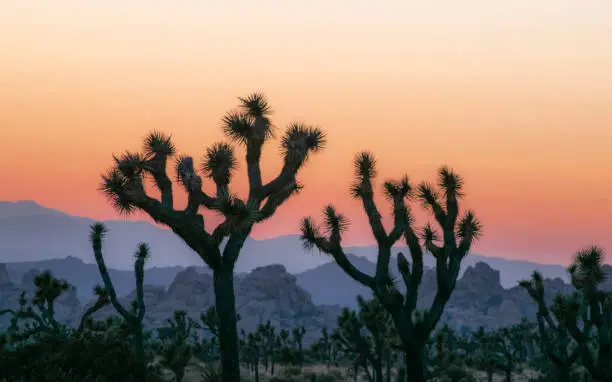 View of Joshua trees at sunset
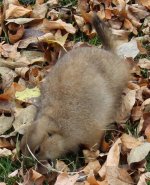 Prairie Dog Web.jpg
============================================================
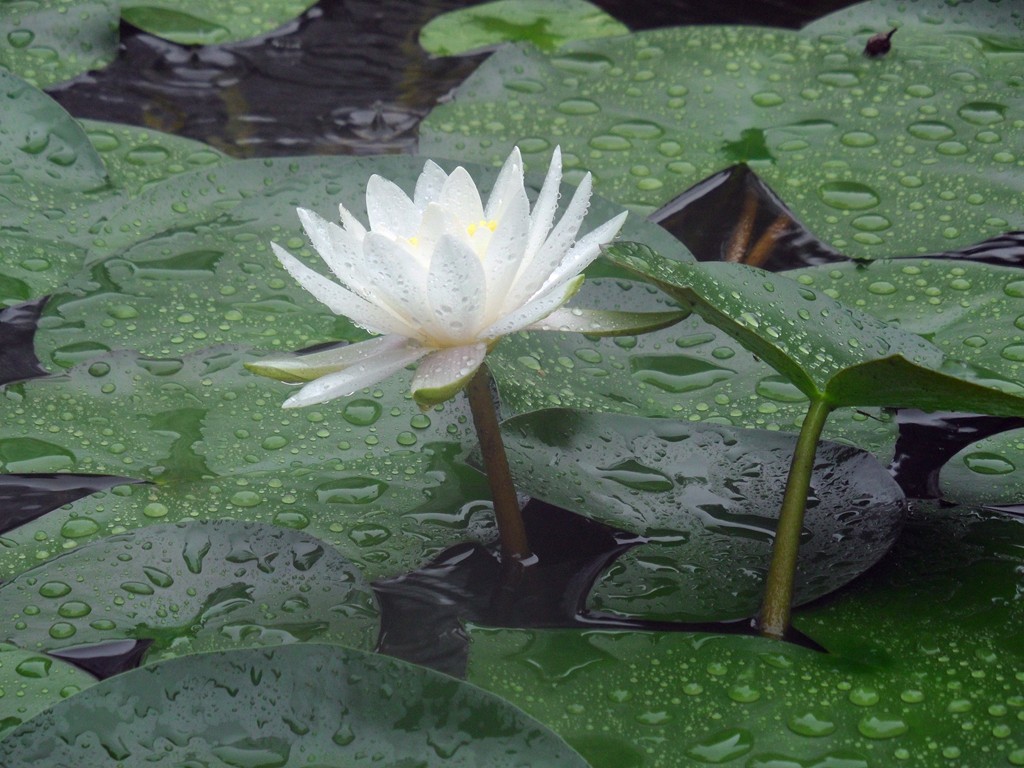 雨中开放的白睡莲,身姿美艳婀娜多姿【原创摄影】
============================================================
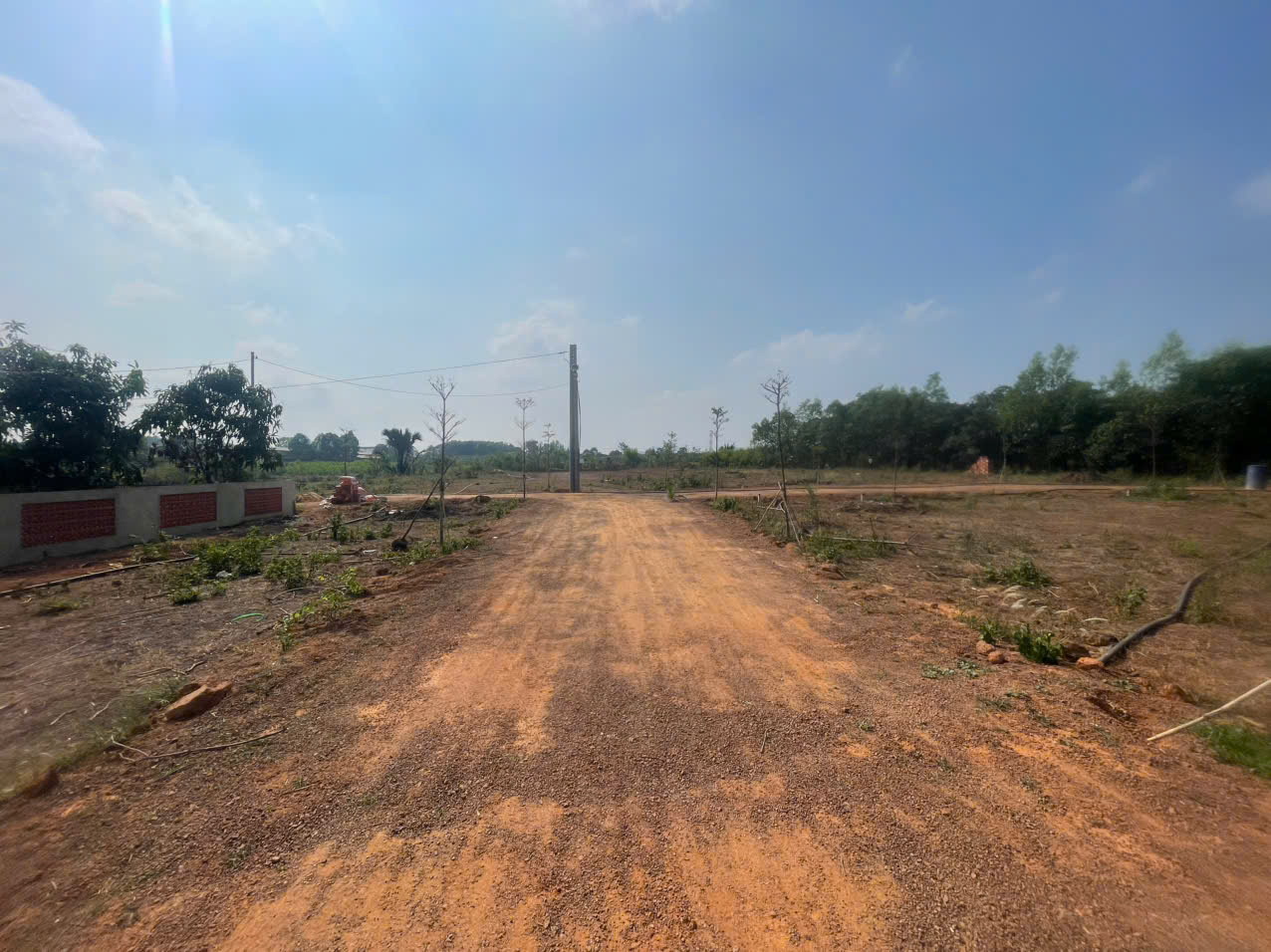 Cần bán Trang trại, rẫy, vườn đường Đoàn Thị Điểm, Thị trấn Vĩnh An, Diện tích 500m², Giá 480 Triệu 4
============================================================
> TASK TO CARRY OUT: From the records above, copy exactly the stretch from the line holding "View of Joshua trees at sunset" through the line holding "Prairie Dog Web.jpg", both ends included, without the pictures.

> RESPONSE BOX:
 View of Joshua trees at sunset
 Prairie Dog Web.jpg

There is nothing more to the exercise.